*PROBLEM REQUIREMENTS:*
The records below must be repeated exactly, but without their pictures.

----

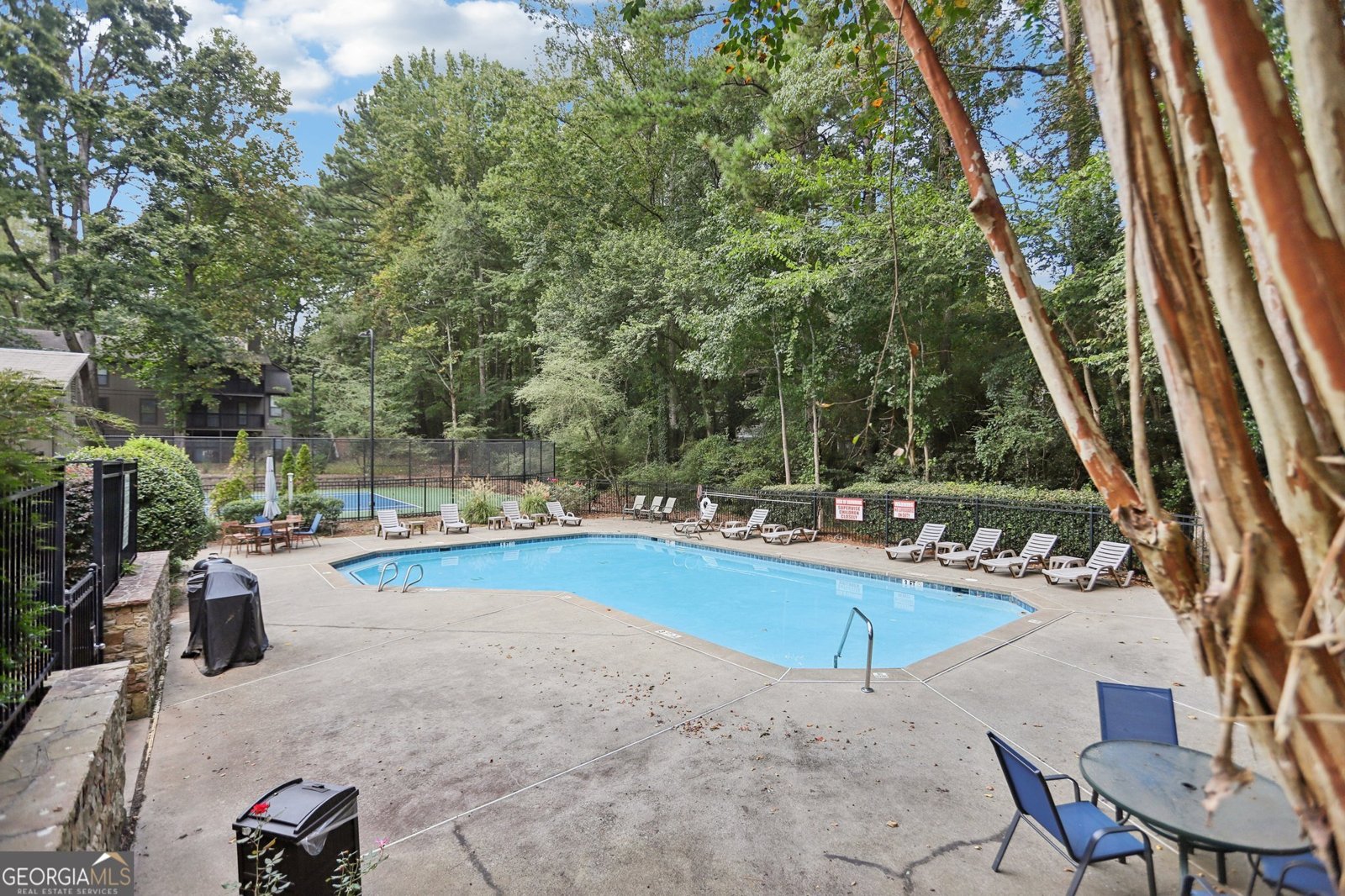 2808 Cumberland Court Smyrna - Photo 15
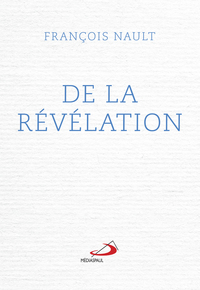 Picture of De la révélation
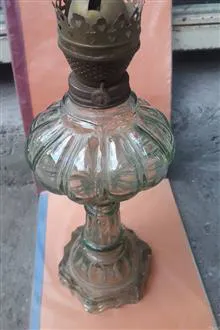 چراغ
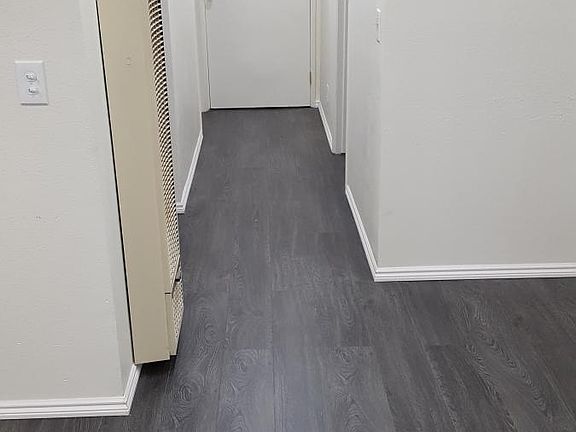 Hallway Laminate Flooring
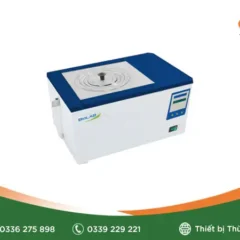 Bể ổn nhiệt BBWA-101 Biolab (3.4 lít, RT+5°C ~ 100°C)
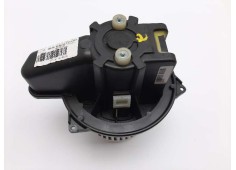 Recambio de motor calefaccion para fiat 500 (312) 1.2 referencia OEM IAM TP116250 77366895 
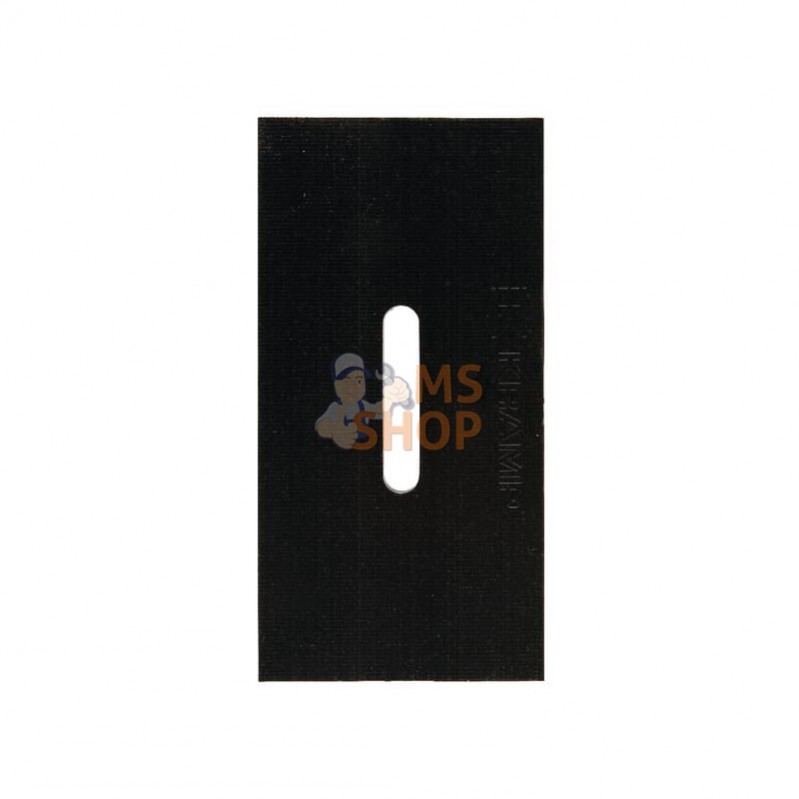 RLQ282KR; KRAMP; Grattoir plastique Kramp; pièce detachée RLQ282KR; KRAMP; Grattoir plastique Kramp; pièce detachée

----

*EXERCISE RESULT:*
 2808 Cumberland Court Smyrna - Photo 15
 Picture of De la révélation
 چراغ
 Hallway Laminate Flooring
 Bể ổn nhiệt BBWA-101 Biolab (3.4 lít, RT+5°C ~ 100°C)
 Recambio de motor calefaccion para fiat 500 (312) 1.2 referencia OEM IAM TP116250 77366895 
 RLQ282KR; KRAMP; Grattoir plastique Kramp; pièce detachée RLQ282KR; KRAMP; Grattoir plastique Kramp; pièce detachée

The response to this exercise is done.